Samhain Publishing, $5.50, ISBN 978-1-61923-334-8
Horror, 2016 (Reissue)
The late Richard Laymon is still one of the most popular names in horror today, although I personally find his books often hard to get into because of his writing style. In fact, I don’t recall reading Night Show when it was first published back in 1984, so I assume it’d be interesting to give this reissued edition a try. This one is a bit low key and even tame compared to some of the author’s more well-known titles, though. And this one ranks low in the list of this author’s books that one should try.
Anthony Johnson fancies himself the Chill Master – he sets up elaborate scenarios to scare the wits out of his victim, and each success gives him a kind of sexual high that he is addicted to. As you can tell, he’s not the person one would want to be stuck in an elevator with. After graduation, he takes off to Hollywood, with his eyes set on Dani Larson, one of the hottest special effect creators. She specializes in gory stuff, hence Tony’s interest in her. No, he doesn’t want her dead – he wants to be her apprentice and boyfriend, and, eventually, he will take over her place as the reigning scare-maker in town. So, he stalks her in a hearse (no, really).
Tony is being stalked himself. A girl that he kidnaps early in the story is now on a warpath, and Linda Allison won’t stop until he’s finished. She’s mad not only because Tony and his friends kidnapped her for his sick idea of gruesome scare, she was also hit by a car when she was running away. So, she’s now taking down Tony’s accomplices and going after him. So, will she get Tony first, or will Tony get Dani first?

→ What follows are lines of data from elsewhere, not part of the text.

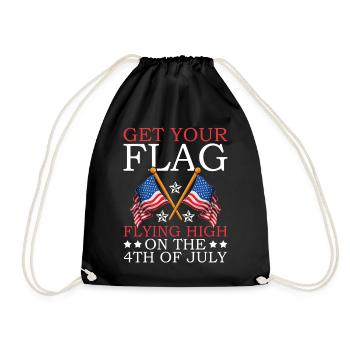 Fly your flag high on July 4th - - Drawstring Bag - black - Front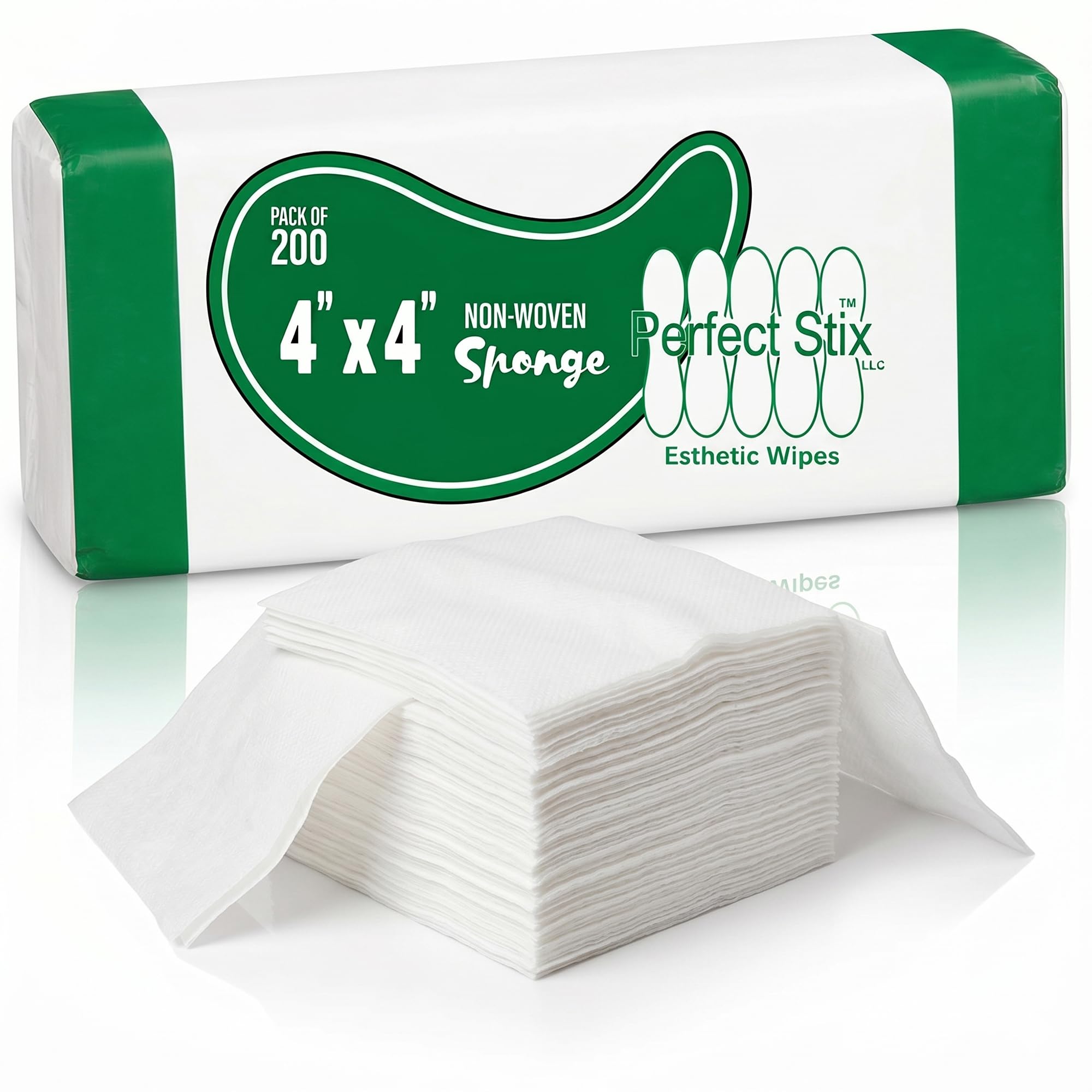 Perfectware Collection 4-Ply Disposable Esthetic Wipes, Non-Woven, Latex-Free, Soft and Durable, 4" x 4", 200 Count, for Salon and Spa Use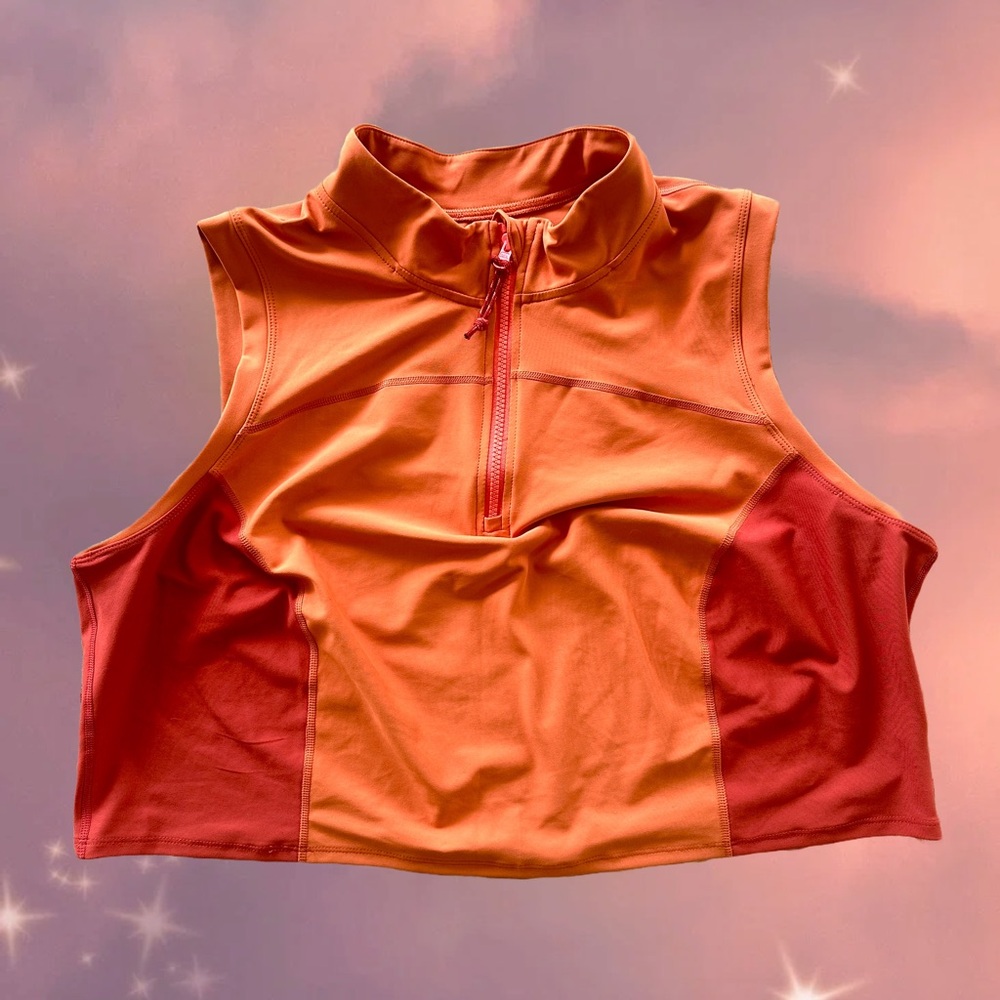 Orange and Red Sleeveless Zip Activewear Crop Top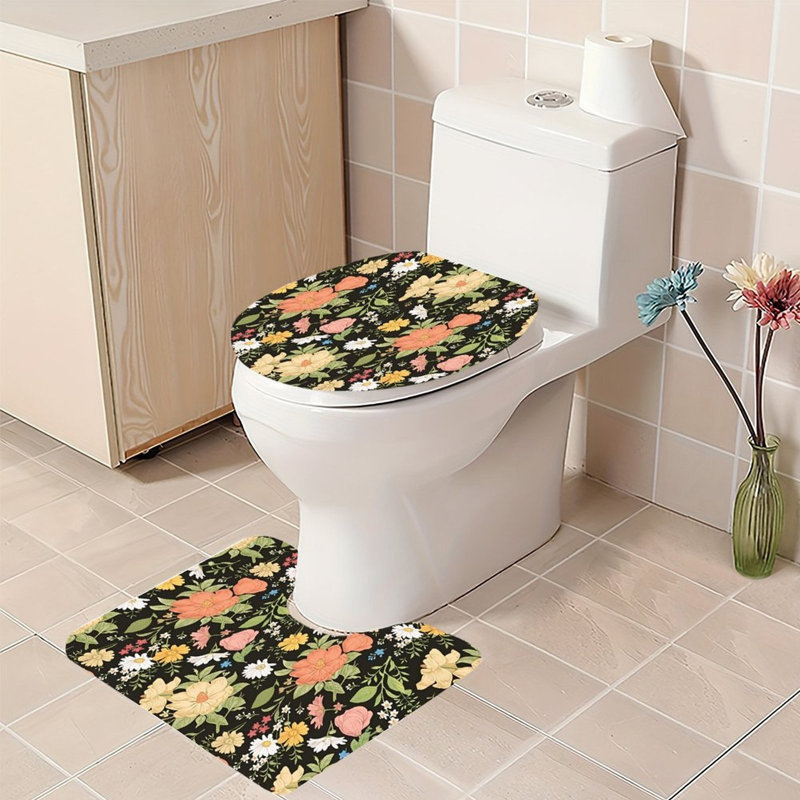 Ensemble de 2 tapis de salle de bain Navajo, Noir / jaune / orange géométrique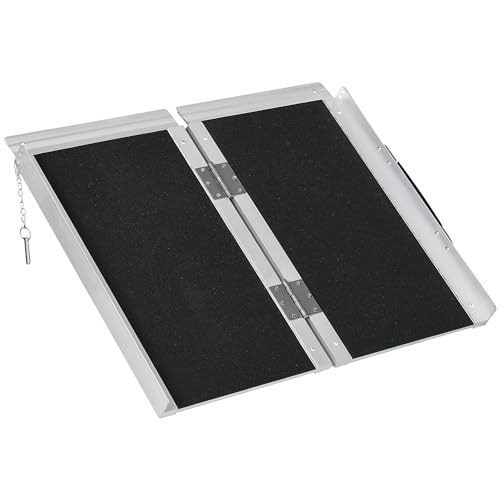 HOMCOM Rampe de Fauteuil Roulant Rampe de Chargement d'accès antidérapante Pliable avec Bordures de sécurité Max. 270 Kg dim. 60L x 73l x 5H cm alu. Noir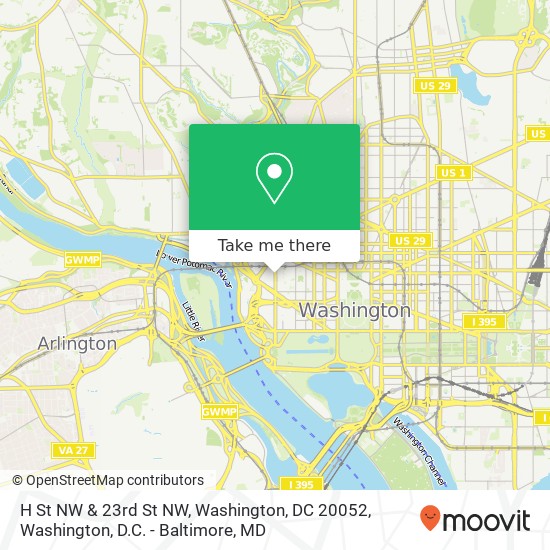 Mapa de H St NW & 23rd St NW, Washington, DC 20052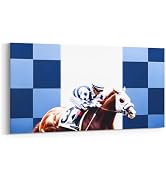 jejeloiu Horse Race Canvas Wall Art for Living Room Bedroom Horse Riders Large Artwork Cute Anima...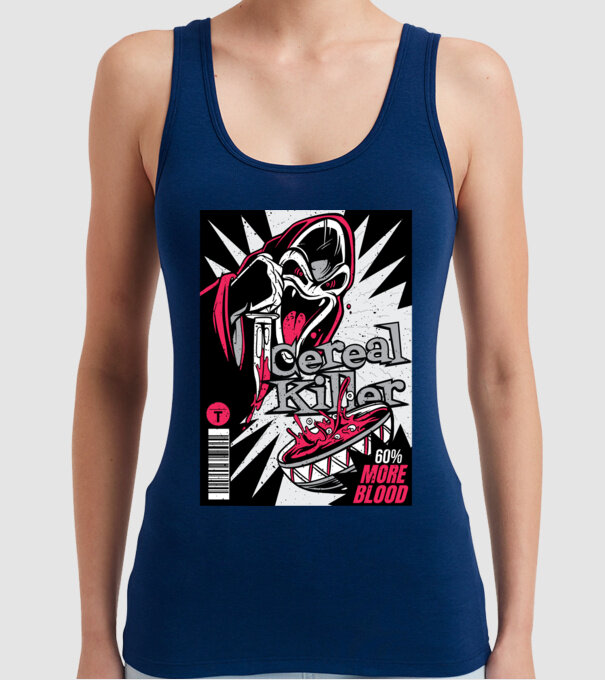 Cereal Killer model albastru închis pe tricou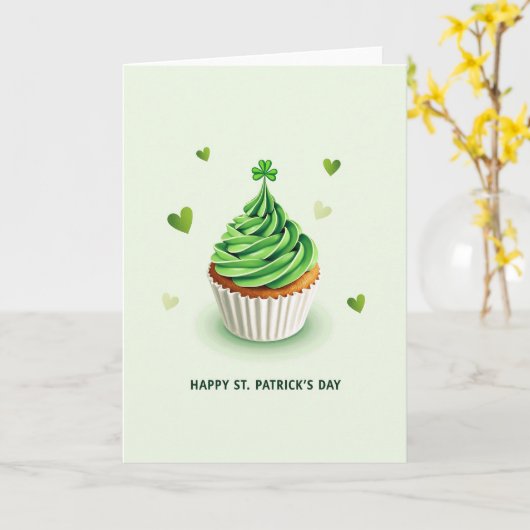 St Patricks Day Cupcake Card カード (黄色い花)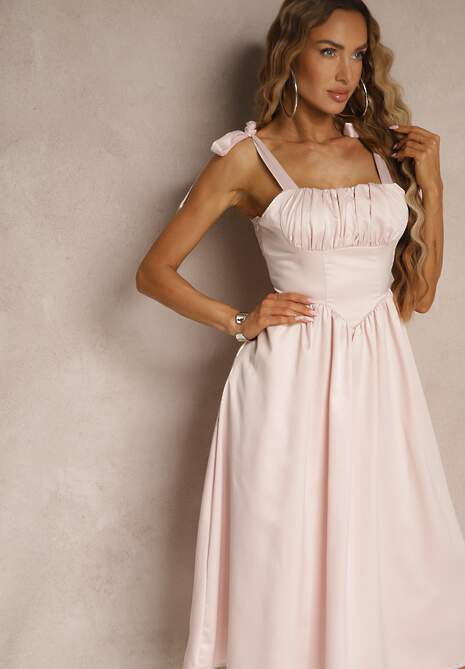 Różowa Sukienka Vices o Rozkloszowanym Kroju z Wiązanymi Ramiączkami Natirise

The author has a writing style that is mostly tell-all, show-little, and, in Night Show, his narrative feels especially flippant and even lazy at times. Worse, there is very little scare here – for a long time, Tony acts like an outlandish buffoon who never feels genuinely threatening, while Dani is like one of those really bad Hallmark movie heroines: she actually encourages Tony’s attentions in an effort to discourage him, therefore making this story far longer than it needs to be. Linda’s plot arc is easily the most interesting one here, but the intersection of her story and Dani’s is anticlimactic. It all boils back to the author’s writing style: his pacing is plodding, there is no momentum or build up going, and the author seems to be writing as if he has a plane to catch. The characters are flat, and I never feel any connection with Dani or her boyfriend to be afraid for them.
At the end of the day, this story is just flat and dreary. It’s not scary, and it’s not entertaining as well. There isn’t much of a show here, I’m afraid.